The Sartell couple believes deer tick bites are responsible for their Lyme disease, which has cost them almost $100,000 for treatments.
"There's more than just the initial infection; there can be co-infections with it," said Nicole Koll, an administrative assistant at St. Cloud Technical & Community College.
As tick season has arrived, an antibiotic commonly used to treat Lyme disease is in short supply, and some politicians are calling on the federal government to do something about it.
Almost 30,000 cases of Lyme disease were reported nationwide in 2011, which makes it the sixth most commonly reported infectious disease in the United States, according to federal officials.
"I have taken that antibiotic but did not react well, so I was taken off of it," said Koll, a 31-year-old mother of two. "But that is the one that my husband primarily depends on for his treatment."
Sen. Amy Klobuchar, D-Minn., recently called on the Food and Drug Administration to take action to reduce the shortage of doxycycline, an antibiotic that is a common first-line treatment for Lyme disease, which is most commonly contracted in May and June, during peak tick season.
"As summer approaches, hospitals and doctors need to be ready to treat the rise in Lyme disease cases," Klobuchar said in a statement. "The FDA needs to do everything in their power to make sure patients and doctors have access to the medication they need."
Doxycycline went on the federal government's national drug shortage list in January because of manufacturing delays and rising demand, which has driven up the cost to obtain it in some cases.
"The St. Cloud Hospital Inpatient Pharmacy has been able to obtain supply when needed, although it has been more challenging to obtain," said Jeanine Nistler, communications director for CentraCare Health.
According to the Minnesota Department of Health, almost 15,000 cases of tick-borne diseases were reported in Minnesota from 1986-2010, of which the majority were Lyme disease.
"The CentraCare retail pharmacies have also been able to get adequate product. However, because the price of doxycycline hyclate has gone up tremendously, we have changed to doxycycline monohydrate," Nistler said.

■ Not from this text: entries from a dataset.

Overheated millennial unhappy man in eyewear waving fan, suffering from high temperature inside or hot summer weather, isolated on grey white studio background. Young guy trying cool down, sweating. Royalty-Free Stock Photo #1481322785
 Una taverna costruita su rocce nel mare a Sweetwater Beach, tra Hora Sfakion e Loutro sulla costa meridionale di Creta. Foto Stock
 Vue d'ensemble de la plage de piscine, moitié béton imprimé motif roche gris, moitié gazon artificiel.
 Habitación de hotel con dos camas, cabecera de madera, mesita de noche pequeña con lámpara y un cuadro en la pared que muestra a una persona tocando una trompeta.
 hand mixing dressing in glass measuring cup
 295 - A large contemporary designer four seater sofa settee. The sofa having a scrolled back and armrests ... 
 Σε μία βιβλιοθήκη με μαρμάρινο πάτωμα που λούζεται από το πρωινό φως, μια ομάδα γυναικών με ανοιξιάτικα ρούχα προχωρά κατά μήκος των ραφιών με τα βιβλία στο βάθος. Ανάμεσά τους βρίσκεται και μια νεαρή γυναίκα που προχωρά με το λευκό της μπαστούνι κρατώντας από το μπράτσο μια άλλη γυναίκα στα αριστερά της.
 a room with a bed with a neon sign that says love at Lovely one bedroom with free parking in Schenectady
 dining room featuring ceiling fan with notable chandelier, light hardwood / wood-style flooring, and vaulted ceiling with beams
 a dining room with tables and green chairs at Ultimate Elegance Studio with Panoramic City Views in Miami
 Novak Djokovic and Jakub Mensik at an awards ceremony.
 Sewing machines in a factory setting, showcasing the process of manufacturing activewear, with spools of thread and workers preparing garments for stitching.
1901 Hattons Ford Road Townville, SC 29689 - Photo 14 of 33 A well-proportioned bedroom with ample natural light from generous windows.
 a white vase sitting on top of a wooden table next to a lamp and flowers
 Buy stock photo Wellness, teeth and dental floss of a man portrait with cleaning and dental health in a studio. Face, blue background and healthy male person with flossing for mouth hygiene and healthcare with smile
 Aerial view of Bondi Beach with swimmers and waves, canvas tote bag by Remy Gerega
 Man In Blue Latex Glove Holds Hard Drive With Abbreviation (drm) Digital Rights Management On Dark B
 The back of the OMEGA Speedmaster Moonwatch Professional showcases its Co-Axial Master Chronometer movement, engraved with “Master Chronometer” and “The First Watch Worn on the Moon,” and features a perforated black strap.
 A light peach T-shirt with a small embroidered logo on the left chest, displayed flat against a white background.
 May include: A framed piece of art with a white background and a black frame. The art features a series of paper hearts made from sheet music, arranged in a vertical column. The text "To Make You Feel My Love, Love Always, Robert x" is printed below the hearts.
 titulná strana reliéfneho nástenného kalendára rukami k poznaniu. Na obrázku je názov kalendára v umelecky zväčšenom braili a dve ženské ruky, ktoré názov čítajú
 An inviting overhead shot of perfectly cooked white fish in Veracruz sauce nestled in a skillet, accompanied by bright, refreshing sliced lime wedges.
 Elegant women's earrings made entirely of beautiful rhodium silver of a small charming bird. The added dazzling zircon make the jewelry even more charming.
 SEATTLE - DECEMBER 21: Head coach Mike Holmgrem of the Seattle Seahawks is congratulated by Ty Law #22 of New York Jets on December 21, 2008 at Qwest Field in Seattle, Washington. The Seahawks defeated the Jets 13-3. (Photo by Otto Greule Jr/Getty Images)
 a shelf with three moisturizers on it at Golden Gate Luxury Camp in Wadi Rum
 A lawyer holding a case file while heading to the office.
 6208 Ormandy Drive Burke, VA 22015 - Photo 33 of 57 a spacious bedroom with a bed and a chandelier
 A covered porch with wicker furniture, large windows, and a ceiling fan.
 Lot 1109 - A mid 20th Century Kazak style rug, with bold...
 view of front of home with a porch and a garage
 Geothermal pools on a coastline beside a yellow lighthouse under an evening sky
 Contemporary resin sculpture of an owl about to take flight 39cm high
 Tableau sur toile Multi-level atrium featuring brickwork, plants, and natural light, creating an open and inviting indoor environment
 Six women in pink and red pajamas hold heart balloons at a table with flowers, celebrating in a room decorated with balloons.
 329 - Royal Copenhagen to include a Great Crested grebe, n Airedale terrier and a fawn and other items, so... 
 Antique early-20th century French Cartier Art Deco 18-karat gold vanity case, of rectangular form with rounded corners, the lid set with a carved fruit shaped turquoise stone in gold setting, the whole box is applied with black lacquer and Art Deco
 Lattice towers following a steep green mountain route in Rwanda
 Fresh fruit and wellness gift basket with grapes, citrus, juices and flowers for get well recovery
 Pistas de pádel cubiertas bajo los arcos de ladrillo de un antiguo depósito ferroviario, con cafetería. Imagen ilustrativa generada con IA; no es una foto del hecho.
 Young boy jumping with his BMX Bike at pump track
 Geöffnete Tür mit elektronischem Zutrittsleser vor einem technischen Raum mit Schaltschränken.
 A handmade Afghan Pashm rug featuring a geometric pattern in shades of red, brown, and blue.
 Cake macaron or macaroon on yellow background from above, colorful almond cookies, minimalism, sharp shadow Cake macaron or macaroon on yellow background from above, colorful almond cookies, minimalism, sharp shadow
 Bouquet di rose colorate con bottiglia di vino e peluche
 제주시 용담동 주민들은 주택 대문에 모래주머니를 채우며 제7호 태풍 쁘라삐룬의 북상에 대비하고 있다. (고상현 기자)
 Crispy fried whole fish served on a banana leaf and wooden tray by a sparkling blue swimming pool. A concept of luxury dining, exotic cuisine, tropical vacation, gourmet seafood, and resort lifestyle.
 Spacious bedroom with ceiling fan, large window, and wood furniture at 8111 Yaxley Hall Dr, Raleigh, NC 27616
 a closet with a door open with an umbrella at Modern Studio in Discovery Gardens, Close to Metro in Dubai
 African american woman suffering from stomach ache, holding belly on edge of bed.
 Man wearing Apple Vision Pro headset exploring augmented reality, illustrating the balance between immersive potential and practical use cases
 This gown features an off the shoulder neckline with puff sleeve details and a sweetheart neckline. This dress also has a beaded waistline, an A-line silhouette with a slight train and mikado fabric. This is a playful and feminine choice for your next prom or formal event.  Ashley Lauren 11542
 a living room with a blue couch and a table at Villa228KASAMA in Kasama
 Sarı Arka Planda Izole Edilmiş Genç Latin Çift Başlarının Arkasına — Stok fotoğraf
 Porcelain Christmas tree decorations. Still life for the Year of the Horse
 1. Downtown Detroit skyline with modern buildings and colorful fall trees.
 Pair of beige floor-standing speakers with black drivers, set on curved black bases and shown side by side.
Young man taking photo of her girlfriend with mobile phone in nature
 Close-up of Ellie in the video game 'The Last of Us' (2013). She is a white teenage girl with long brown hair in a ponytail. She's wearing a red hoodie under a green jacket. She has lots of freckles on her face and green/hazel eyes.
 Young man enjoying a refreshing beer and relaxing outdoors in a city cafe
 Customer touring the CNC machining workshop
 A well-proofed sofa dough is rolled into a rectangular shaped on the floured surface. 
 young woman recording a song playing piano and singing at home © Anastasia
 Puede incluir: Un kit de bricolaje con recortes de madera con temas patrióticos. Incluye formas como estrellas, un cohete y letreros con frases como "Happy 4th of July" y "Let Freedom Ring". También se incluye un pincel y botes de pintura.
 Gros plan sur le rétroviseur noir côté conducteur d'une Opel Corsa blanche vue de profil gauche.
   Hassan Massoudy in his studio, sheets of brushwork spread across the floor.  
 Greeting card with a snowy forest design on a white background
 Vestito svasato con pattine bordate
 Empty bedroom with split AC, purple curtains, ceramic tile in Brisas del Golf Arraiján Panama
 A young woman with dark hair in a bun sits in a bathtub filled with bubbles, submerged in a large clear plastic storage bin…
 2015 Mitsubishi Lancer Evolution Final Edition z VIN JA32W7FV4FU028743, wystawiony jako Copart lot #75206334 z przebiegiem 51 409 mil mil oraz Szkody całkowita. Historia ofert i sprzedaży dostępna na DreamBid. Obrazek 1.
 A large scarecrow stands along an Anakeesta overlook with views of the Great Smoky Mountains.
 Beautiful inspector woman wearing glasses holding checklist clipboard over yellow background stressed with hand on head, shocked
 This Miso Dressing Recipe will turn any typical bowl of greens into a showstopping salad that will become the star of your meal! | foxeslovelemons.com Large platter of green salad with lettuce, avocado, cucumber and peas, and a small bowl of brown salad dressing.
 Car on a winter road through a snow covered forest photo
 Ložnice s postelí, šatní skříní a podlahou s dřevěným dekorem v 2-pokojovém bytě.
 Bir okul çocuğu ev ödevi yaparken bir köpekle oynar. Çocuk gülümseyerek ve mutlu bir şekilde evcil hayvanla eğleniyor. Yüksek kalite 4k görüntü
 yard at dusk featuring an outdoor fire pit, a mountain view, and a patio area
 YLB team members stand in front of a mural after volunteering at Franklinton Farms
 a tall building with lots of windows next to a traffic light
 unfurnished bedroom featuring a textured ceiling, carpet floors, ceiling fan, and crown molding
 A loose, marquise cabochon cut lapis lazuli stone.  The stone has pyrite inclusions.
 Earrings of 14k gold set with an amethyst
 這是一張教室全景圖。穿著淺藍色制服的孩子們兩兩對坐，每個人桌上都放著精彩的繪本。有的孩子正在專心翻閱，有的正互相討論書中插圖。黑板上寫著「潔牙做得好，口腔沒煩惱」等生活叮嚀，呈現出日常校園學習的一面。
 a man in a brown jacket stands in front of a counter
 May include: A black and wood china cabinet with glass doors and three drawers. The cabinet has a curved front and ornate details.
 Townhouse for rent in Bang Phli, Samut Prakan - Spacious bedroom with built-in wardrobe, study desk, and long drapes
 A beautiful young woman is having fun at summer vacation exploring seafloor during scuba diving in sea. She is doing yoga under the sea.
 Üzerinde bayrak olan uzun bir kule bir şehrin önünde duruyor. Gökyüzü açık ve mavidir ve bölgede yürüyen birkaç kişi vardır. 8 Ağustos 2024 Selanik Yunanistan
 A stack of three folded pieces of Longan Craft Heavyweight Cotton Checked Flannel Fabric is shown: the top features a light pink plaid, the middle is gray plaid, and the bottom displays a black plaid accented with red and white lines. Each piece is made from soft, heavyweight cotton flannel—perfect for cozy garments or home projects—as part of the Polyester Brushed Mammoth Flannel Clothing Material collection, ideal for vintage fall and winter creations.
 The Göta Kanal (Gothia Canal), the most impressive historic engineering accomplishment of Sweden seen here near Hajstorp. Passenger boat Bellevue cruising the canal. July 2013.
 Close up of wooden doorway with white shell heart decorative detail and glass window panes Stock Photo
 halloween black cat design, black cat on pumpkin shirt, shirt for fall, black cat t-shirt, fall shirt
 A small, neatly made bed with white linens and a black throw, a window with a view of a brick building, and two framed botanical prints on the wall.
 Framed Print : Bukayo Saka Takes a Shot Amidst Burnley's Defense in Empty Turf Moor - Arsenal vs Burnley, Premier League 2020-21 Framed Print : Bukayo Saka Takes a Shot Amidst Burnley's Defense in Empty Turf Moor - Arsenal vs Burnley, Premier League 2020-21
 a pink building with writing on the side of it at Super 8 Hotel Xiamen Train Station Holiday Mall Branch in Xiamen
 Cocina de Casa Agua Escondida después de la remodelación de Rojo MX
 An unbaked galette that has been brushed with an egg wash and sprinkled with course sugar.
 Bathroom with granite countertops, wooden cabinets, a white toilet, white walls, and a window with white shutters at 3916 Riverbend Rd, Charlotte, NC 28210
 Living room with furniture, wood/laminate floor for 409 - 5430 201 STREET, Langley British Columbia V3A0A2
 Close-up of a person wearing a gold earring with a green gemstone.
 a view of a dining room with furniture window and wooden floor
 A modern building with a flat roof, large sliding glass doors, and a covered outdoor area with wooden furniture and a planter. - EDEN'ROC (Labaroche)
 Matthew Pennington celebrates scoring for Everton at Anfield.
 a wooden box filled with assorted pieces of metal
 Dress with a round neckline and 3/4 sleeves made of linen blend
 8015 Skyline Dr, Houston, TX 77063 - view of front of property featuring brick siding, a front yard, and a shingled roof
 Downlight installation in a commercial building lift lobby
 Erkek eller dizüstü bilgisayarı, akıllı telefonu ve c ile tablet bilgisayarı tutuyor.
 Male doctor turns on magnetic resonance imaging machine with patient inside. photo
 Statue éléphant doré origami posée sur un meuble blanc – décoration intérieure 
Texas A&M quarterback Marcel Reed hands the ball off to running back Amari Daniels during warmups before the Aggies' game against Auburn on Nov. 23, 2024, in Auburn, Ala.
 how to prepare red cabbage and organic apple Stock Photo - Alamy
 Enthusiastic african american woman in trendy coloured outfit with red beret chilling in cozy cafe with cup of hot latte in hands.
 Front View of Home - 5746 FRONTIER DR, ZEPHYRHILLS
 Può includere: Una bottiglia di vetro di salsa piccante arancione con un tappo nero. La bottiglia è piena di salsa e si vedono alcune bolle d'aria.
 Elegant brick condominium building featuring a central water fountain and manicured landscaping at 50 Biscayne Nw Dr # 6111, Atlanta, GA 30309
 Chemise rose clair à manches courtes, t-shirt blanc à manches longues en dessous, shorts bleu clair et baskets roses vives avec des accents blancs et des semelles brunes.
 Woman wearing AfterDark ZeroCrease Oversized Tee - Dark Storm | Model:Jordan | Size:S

"There is no difference in the effectiveness of the products, but the pharmacy is required to get approval for the change from the prescriber, which takes time and can dissatisfy patients."
Exposure to deer ticks (also known as blacklegged ticks) and Lyme disease in Minnesota occurs primarily from May to July, and again in the autumn, when people are outdoors and ticks are actively feeding.
The majority of cases occur in June, July and August, peaking just after the mid-May to mid-July period when the nymphal deer tick is feeding; the lag is due to the three- to 30-day period between an infected tick bite and the start of signs and symptoms, according to the Minnesota Department of Health.
"The ticks were not killed by the winter weather. In fact, all that snow that we had kind of insulated the ticks and kept them warm enough to survive on the forest floor where they lived until the snow could melt," said Dave Neitzel, an epidemiologist at the Department of Health.
Besides Lyme disease, deer ticks can sometimes also transmit babesiosis and anaplasmosis. Lyme disease and anaplasmosis are treated with the same antibiotics, according to the Centers for Disease Control and Prevention, but babesiosis is a parasitic disease that is treated with different medications.
In addition, wood ticks (also called American dog ticks) can carry Rocky Mountain spotted fever, among others.
The best way to prevent tick bites is to avoid tick habitat during warm weather months: wooded or brushy areas for the deer tick, and grassy or wooded areas for the wood tick.
Use repellent to reduce the risk of Lyme disease: DEET-based repellents (up to 30 percent DEET), which can be applied to clothing or skin for temporary protection, or permethrin-based repellents, which are used to pre-treat fabric.